In the face of growing Northern power, arguments for state’s rights grew in the South — after all, if state government was at least equal to the federal government in power, then it would be difficult for the federal government (even if eventually dominated by the North) to restrict or eliminate slavery.

But despite these growing states’ rights arguments — including Georgia and President Andrew Jackson’s refusal to follow the Supreme Court ruling that federal treaties trumped state action in the Cherokee cases — Southerns appeared to embrace a different view of the balance between federal and state power in 1850.

Before 1850, Northern states had become increasingly reluctant to return runaway slaves to the South, denying planters their property without recompense. Laws to add more legal protections before alleged escapees would be returned meant that the burden on Southerns seeking the return of their property grew. One reaction was vigilante-style kidnapping of blacks in the North, some of whom turned out to be free blacks, not escaped slaves. Northern laws punished kidnappers, and Southerners were unhappy.

The Fugitive Slave Act of 1850 was designed to allay the anger of the South. It created a new federal agency and new federal commissioners who acted much as had U.S. Marshalls previously. These new commissioners could deputize and track escaped slaves, and were paid by the federal government and also for each slave returned. Soon, this new agency became the largest federal employer, exceeding the number of postal employees soon after it was passed.

The Fugitive Slave Act was anything but pro-state’s rights. To assist commissioners in apprehending slaves, troops were even sent into Boston to quell dissent and escort a captured slave from the city. Northern state laws on due process were ignored, and alleged escapees received no jury trial, no were they able to testify on their own behalf — despite Northern laws. In other words, the South embraced the law and the exercise of federal power.

But this new balance only postponed the battle between North and South for eleven more years. Western states were increasingly adopting anti-slavery positions (although they also sometimes banned African-Americans from moving there), and the South felt increasing pressure.
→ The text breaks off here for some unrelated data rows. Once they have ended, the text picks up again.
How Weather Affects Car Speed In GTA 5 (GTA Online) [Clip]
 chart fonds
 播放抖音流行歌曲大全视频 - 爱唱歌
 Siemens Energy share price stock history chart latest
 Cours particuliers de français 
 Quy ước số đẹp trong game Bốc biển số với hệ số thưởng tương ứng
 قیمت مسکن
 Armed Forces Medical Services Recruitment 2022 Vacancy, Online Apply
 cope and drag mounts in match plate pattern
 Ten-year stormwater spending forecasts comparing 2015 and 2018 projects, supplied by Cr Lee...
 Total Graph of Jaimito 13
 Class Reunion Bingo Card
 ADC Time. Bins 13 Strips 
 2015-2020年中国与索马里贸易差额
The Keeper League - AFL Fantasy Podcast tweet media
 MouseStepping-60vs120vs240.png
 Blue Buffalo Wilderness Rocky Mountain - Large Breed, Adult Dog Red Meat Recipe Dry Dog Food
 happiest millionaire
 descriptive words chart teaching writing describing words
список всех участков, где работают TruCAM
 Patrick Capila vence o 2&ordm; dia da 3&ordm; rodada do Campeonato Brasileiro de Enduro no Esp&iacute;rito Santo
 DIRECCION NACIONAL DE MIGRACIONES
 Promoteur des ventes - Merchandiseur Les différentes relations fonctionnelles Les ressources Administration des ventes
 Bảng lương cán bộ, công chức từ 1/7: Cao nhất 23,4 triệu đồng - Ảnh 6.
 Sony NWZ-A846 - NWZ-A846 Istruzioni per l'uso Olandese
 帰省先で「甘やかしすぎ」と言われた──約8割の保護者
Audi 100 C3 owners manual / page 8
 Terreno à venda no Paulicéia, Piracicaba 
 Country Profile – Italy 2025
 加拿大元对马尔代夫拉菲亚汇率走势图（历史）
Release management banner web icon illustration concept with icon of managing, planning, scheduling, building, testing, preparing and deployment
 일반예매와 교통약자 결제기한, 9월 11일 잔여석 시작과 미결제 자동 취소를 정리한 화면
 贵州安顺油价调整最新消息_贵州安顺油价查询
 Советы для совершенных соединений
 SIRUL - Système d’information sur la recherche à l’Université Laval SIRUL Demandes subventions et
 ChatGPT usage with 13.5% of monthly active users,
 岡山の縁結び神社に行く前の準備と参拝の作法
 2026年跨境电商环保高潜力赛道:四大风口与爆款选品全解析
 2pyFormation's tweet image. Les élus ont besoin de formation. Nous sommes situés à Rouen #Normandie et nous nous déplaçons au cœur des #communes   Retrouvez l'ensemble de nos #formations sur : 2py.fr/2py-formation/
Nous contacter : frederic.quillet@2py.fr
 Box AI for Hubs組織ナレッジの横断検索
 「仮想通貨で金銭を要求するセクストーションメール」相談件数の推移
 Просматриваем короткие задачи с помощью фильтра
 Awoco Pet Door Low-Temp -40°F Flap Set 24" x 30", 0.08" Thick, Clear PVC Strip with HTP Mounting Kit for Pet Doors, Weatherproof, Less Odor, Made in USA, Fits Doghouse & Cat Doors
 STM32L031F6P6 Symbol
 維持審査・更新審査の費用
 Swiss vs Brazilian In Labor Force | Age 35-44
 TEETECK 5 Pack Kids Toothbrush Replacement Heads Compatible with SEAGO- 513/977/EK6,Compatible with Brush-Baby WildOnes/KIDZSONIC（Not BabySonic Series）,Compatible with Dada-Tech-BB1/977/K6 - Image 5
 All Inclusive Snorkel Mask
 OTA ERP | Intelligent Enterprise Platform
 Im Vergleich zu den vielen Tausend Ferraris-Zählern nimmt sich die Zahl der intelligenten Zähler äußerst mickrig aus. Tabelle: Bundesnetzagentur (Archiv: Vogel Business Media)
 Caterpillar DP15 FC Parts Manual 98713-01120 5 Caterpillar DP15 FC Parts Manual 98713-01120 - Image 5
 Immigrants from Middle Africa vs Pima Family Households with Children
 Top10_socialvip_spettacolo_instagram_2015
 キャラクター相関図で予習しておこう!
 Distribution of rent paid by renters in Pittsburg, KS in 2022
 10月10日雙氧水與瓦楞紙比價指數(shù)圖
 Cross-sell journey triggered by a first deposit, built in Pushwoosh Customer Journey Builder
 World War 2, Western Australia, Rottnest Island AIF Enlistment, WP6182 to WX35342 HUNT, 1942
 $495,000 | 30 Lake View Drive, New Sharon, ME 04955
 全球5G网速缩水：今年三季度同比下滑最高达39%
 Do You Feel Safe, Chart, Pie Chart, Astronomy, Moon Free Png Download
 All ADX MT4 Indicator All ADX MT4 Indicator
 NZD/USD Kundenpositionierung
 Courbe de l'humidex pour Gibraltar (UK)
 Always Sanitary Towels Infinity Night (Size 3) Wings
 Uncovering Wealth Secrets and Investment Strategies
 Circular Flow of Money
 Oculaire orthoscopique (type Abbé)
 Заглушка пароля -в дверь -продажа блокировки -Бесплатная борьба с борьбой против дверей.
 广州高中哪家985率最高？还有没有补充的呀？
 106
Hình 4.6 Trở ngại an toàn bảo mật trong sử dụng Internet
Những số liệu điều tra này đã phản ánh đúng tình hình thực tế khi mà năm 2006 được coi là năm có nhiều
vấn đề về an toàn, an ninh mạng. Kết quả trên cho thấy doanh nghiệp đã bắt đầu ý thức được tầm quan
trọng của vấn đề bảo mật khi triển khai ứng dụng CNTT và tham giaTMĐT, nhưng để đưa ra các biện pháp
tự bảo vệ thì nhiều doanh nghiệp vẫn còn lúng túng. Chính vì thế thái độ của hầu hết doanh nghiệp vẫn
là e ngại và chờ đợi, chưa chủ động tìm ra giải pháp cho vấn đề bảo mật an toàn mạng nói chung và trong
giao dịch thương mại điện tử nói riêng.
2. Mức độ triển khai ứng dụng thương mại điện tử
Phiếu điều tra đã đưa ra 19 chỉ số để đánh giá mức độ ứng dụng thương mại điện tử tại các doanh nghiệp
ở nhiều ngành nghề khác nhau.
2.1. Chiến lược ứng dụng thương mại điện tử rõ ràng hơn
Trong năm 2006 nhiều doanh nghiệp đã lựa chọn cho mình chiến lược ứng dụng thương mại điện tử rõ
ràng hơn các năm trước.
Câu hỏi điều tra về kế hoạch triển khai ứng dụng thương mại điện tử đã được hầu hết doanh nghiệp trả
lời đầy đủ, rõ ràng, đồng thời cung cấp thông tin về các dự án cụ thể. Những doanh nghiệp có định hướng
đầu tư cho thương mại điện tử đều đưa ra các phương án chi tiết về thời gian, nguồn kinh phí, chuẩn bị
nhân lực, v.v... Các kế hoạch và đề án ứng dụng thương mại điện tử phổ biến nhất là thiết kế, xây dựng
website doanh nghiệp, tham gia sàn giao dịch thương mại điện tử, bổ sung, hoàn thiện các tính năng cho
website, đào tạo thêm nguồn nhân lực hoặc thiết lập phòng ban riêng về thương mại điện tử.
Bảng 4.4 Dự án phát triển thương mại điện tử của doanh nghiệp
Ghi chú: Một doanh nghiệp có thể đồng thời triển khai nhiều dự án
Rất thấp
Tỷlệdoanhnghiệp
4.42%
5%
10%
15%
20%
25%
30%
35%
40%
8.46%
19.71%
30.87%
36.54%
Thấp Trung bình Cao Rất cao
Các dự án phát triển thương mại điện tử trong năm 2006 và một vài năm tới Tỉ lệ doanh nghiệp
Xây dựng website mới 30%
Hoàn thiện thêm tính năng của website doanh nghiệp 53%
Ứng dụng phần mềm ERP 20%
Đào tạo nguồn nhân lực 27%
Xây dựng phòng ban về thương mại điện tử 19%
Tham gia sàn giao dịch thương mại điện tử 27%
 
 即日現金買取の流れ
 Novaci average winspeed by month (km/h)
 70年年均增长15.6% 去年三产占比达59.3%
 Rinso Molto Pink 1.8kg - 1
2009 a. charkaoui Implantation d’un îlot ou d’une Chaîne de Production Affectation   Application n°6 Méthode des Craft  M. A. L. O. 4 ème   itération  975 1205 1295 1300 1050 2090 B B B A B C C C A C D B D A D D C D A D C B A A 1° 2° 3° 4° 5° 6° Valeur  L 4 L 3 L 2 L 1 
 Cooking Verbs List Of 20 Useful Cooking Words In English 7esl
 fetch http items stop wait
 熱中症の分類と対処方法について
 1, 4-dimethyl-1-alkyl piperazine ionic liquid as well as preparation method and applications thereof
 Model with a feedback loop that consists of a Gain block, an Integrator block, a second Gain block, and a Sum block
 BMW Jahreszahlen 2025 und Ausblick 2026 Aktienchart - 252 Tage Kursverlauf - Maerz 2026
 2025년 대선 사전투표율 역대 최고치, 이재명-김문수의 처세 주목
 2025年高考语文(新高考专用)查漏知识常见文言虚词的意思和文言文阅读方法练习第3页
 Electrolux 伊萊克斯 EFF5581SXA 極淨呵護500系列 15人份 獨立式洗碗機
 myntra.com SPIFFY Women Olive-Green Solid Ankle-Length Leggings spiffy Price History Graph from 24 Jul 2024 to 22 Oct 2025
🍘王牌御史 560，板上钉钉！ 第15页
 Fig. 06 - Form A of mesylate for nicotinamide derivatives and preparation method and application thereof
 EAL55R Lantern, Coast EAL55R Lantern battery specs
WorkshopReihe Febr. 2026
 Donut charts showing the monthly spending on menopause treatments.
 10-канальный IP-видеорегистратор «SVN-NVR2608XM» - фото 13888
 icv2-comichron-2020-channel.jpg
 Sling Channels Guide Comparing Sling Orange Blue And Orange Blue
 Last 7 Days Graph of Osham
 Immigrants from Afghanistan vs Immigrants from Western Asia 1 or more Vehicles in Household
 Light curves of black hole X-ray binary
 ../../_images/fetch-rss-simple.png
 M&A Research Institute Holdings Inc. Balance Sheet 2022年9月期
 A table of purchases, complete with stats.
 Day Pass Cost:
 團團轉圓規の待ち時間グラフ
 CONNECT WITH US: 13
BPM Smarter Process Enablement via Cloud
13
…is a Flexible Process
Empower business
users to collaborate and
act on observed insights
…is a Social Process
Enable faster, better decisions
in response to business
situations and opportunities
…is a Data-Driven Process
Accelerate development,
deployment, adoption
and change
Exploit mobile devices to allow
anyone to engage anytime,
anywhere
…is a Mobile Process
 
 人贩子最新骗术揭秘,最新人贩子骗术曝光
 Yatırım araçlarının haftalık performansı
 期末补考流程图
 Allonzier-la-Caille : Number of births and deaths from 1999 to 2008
Even the 1857 Dred Scott decision by the Supreme Court, led by the Southern Chief Justice Roger B. Taney, and intended to settle the slave question “once and for all” only delayed the Civil War by another few years.

By 1861, with the election of Abraham Lincoln on a platform that opposed the expansion of slavery westward (though not the abolition of slavery in the South — that came later, during the war), the South had decided that secession was the only option to protect their economic and political system.